◆ **What you should do**
An exact copy of every entry is the answer here, with no pictures.

Short web captions
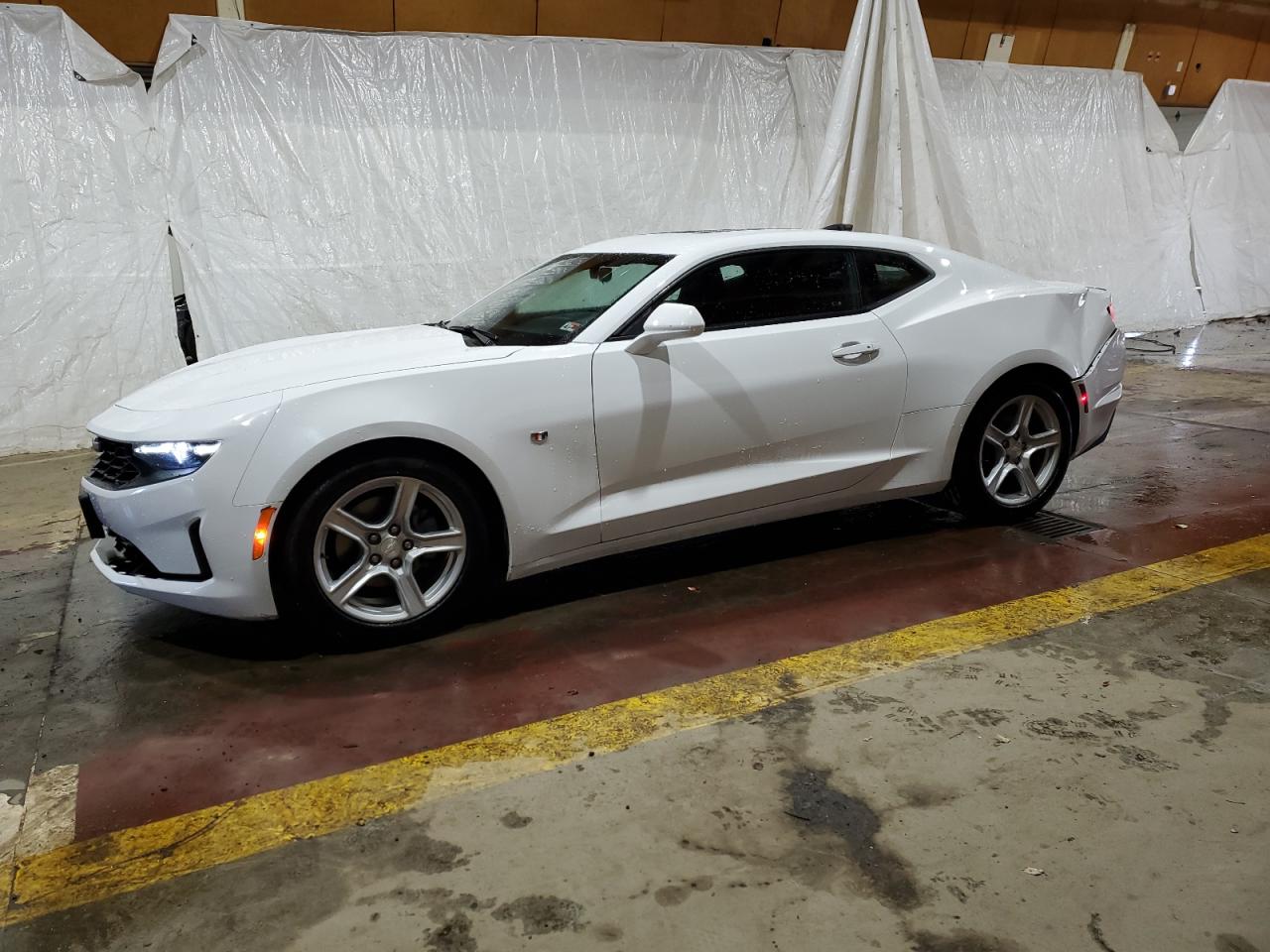CHEVROLET CAMARO LS 2023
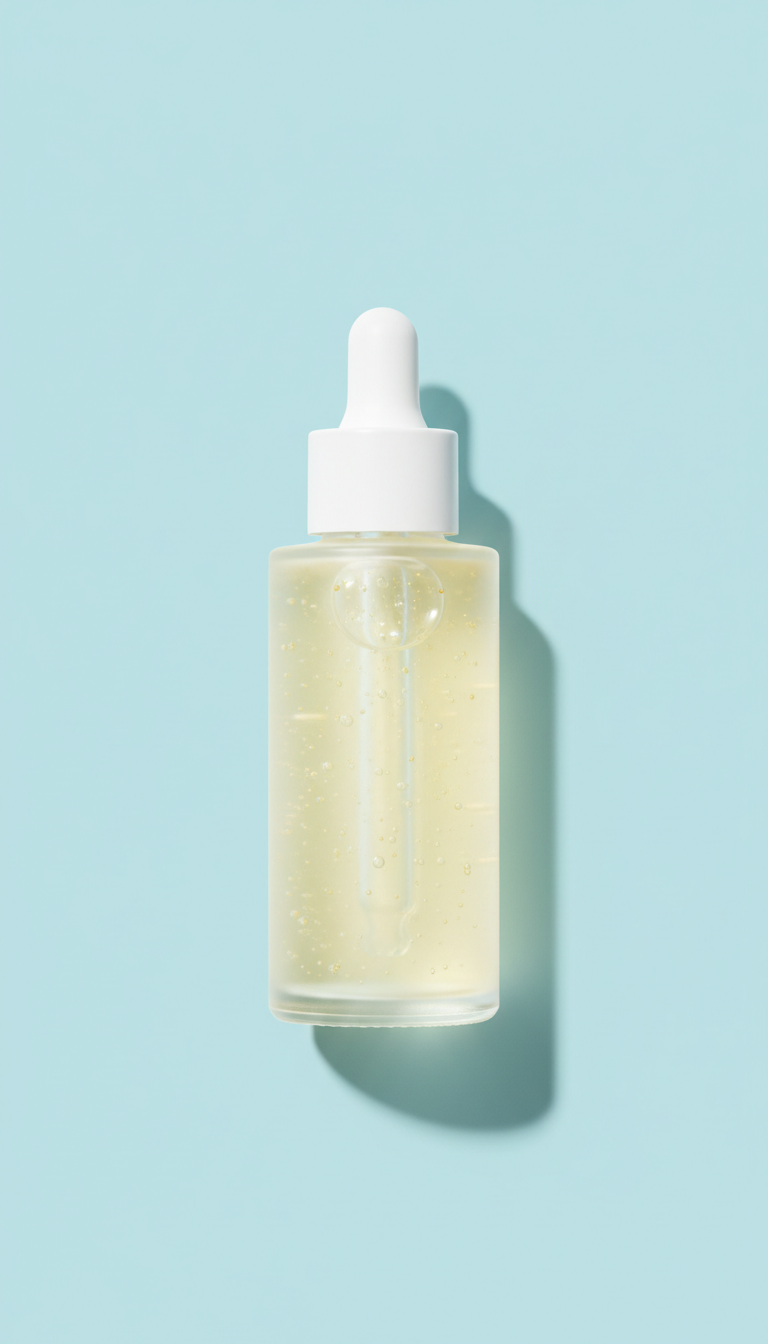 Pastel Gel Mask For Radiance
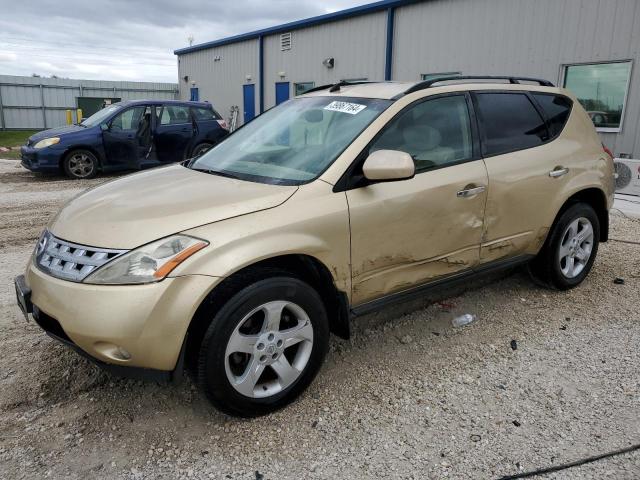 2003 Nissan Murano SL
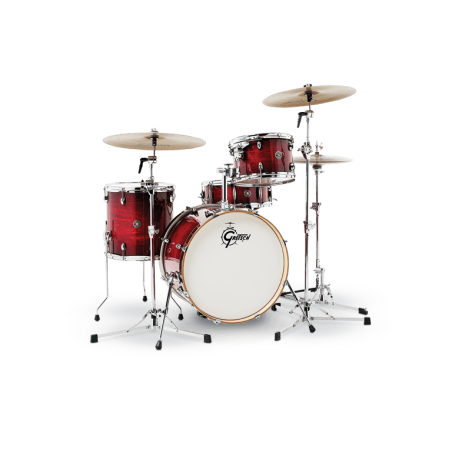 BUBANJ GRETSCH SET CATALINA CLUB (20x18, 12x8, 14x14, 14x5.5) GCB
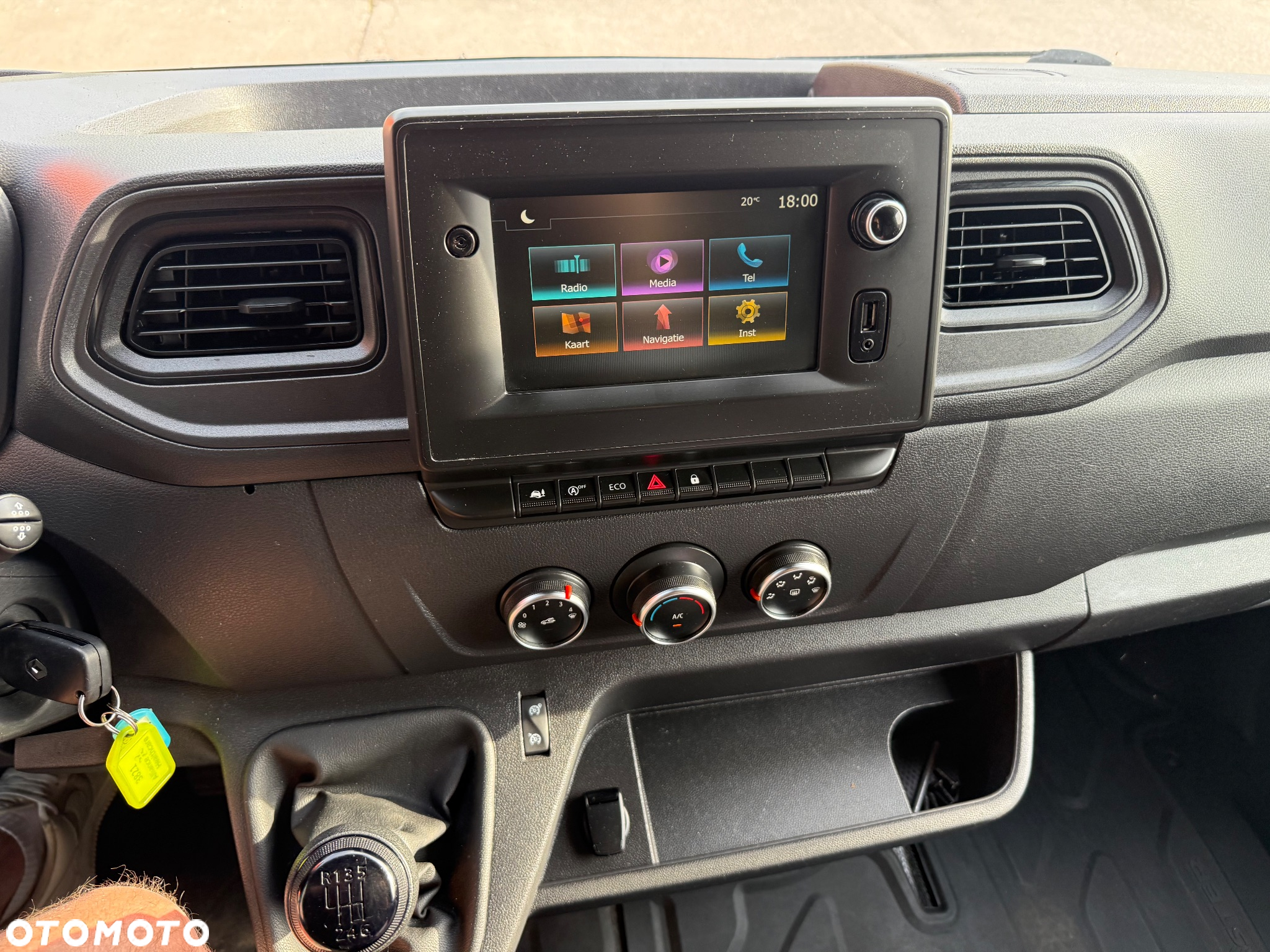 Renault Master 4 L4h3 IZOTERMA - 26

◆ **Solution**
CHEVROLET CAMARO LS 2023
 Pastel Gel Mask For Radiance
 2003 Nissan Murano SL
 BUBANJ GRETSCH SET CATALINA CLUB (20x18, 12x8, 14x14, 14x5.5) GCB
 Renault Master 4 L4h3 IZOTERMA - 26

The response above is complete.